Making quick pickled red onions is SO easy – it only takes five minutes to prepare and you probably have all the ingredients already! You’ll love having a jar of these in your fridge to add to your salads, tacos and to top your avocado toast.

Lately I’ve been absolutely obsessing over pickled onions. They just add a lovely dimension to the flavour of any food. They are perfect to top a salad, on a burger, tacos and to top an avocado toast.
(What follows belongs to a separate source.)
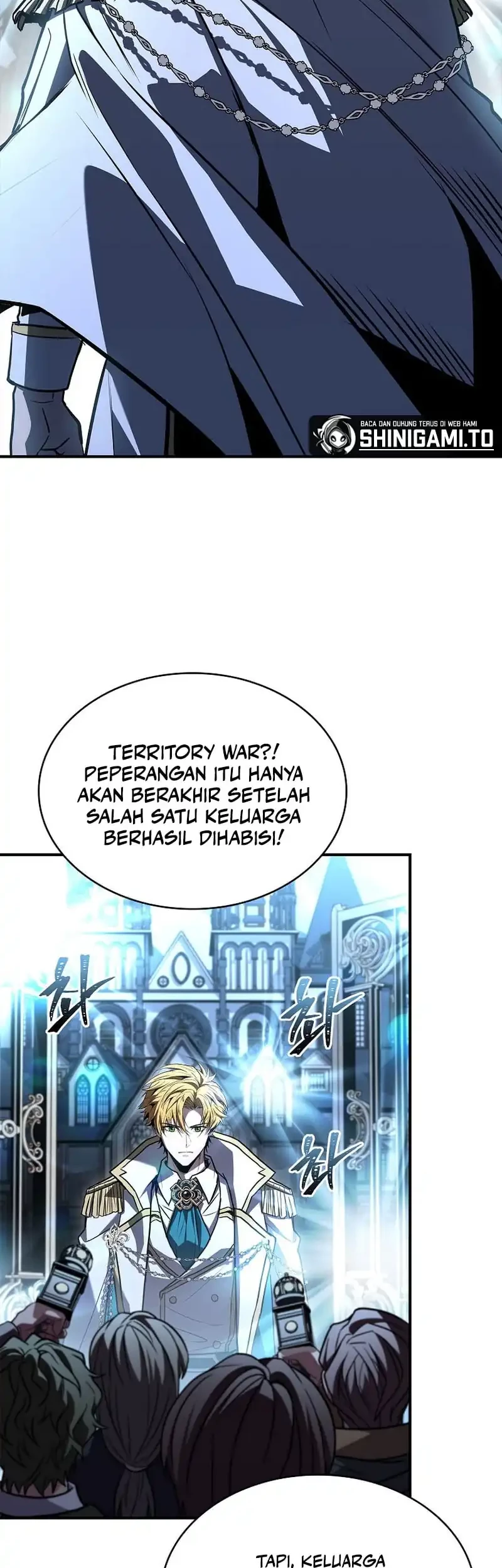 Talent-Swallowing Magician Chapter 110 - halaman 64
How to use pickled onions?
As said above, pickled onions are perfect to add some extra flavour to almost any dish, especially salads, burgers, tacos or sandwiches. It’s easy so to make and a great ingredient to have on hand in your fridge. They will last for up to two weeks in the fridge, but to tell you the truth, my jar never last that long in the fridge anyway.
These quick-pickled red onions are:
- Vegan
- Vegetarian
- Gluten-free
- Oil-free
- Easy to make
- Delicious
How to make this easy recipe?
Pickling red onions could not be any easier. It’s literally just these five easy steps steps, cut onions, put them in a jar, pour over the liquid, shake and wait!
Traditionally, white sugar is used to make the pickling juice. We are trying to use less white processed sugar so I opted for coconut sugar instead for this recipe. It’s doesn’t affect the taste of the onions, but it does tint the pickling juice slightly. If you prefer you could always use regular white sugar instead of the coconut sugar.
Here are some recipes you could add quick-pickled red onions to:
- Vegan fresh summer cobb salad
- Pear, almond and buckwheat salad

Quick-pickled red onions
Ingredients
- 1 large red onion, thinly sliced
- 1/2 cup apple cider vinegar
- 1 tbsp coconut sugar
- 1 1/2 tsp salt
Instructions
- Slice the onion as thinly as you can.
- Place the onion in a glass jar.
- Pour 1 cup of water, 1/2 cup of apple cider vinegar into the jar. Then add 1 1/2 tsp of salt and 1 tbsp of coconut sugar.
- Close the jar and shake it well. Let sit at room temperature for 1 hour.
- The onions will keep for up to two weeks in the fridge.